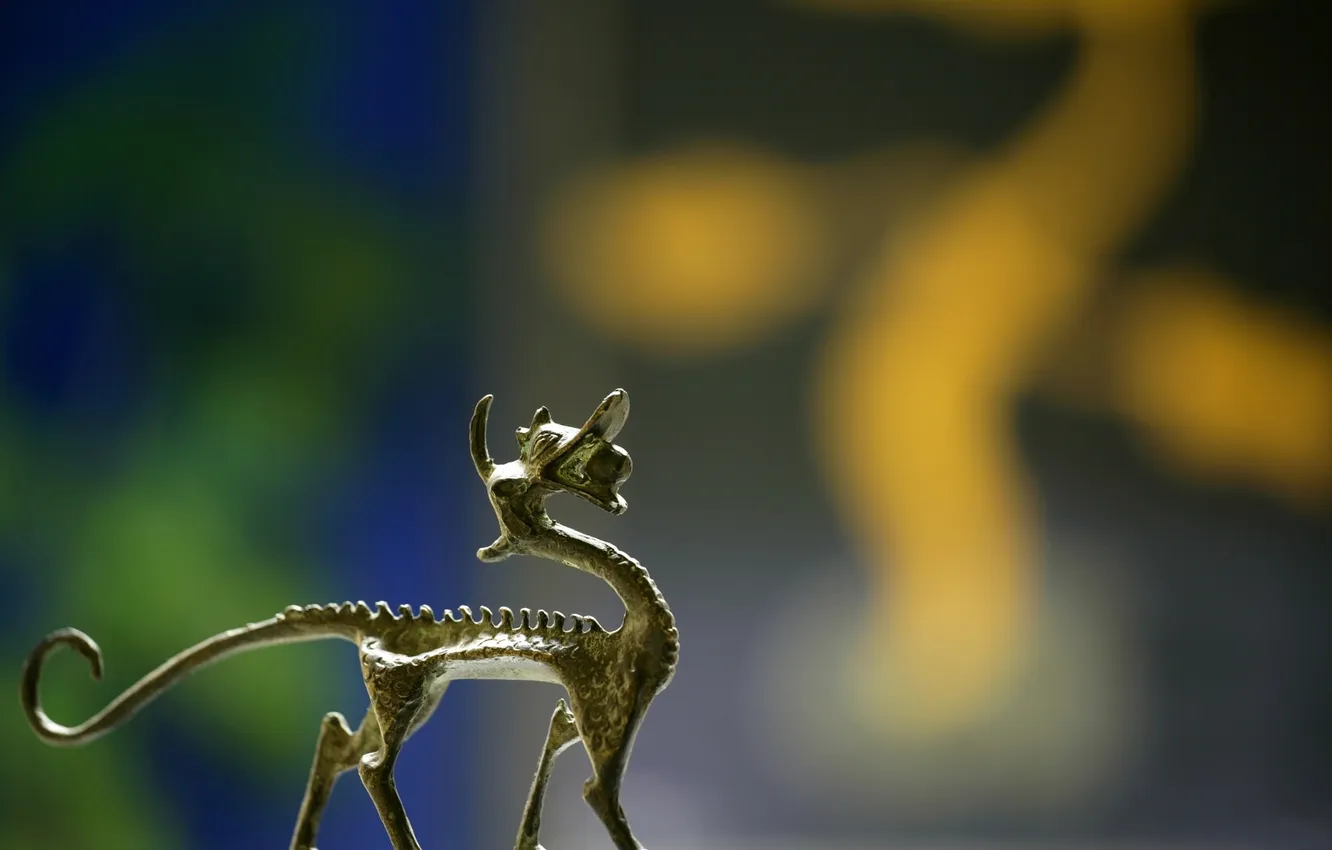 Photo wallpaper macro, background, dragon, figurine, Chinese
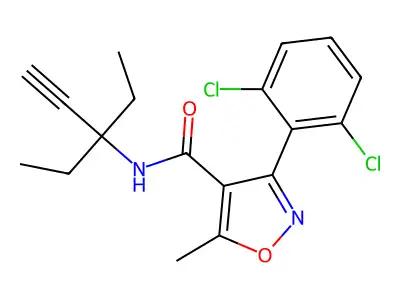 3-(2,6-dichlorophenyl)-N-(3-ethylpent-1-yn-3-yl)-5-methyl-1,2-oxazole-4-carboxamide structure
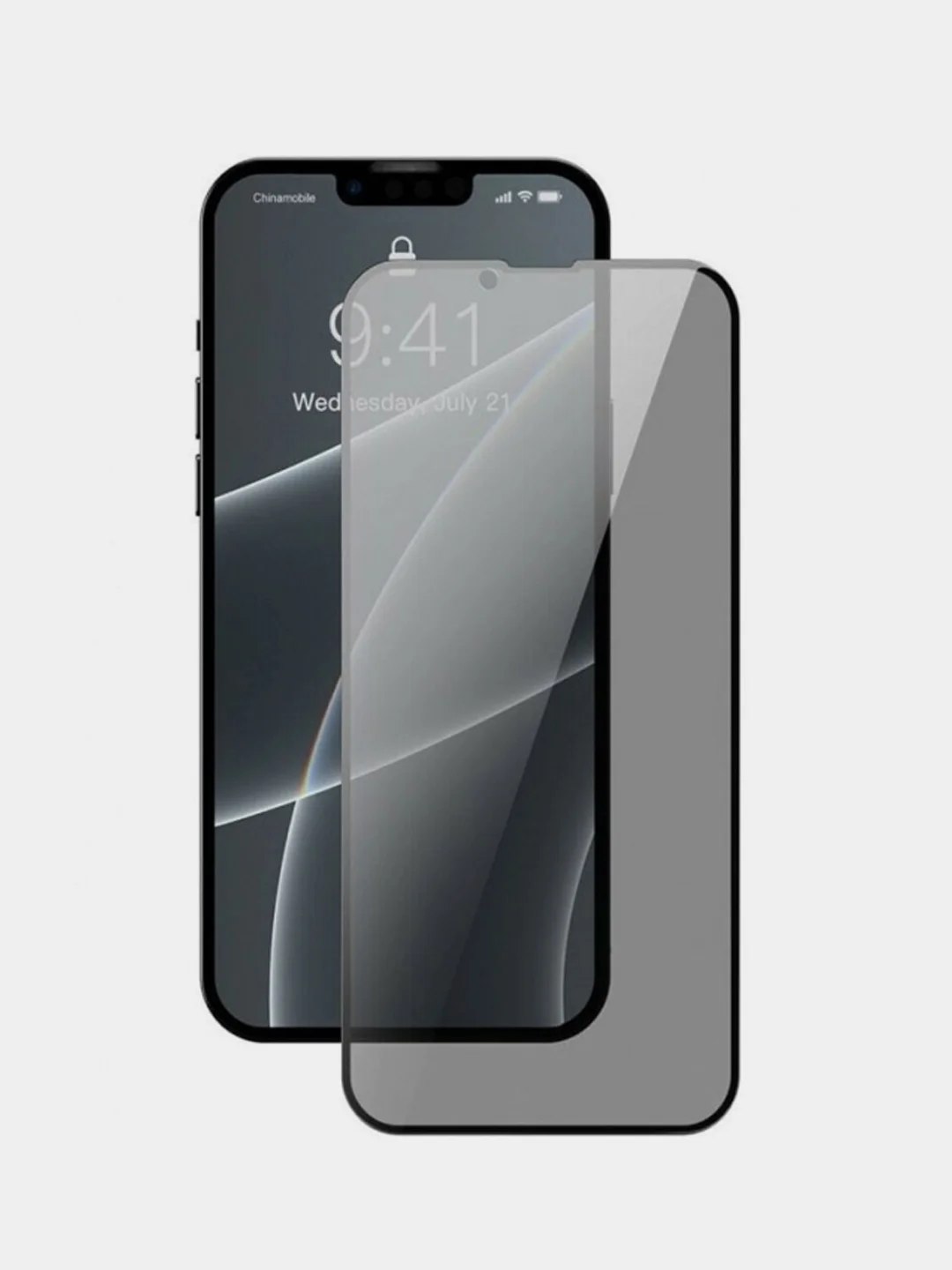 Защитное стекло "Антишпион" на iPhone 14 Max/Pro Max/13 Pro Max/, чёрное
● ● ● ● ●
Aim of the exercise ::
Retype the data above exactly. Leave the pictures out.

Solution to this problem ::
 Photo wallpaper macro, background, dragon, figurine, Chinese
 3-(2,6-dichlorophenyl)-N-(3-ethylpent-1-yn-3-yl)-5-methyl-1,2-oxazole-4-carboxamide structure
 Защитное стекло "Антишпион" на iPhone 14 Max/Pro Max/13 Pro Max/, чёрное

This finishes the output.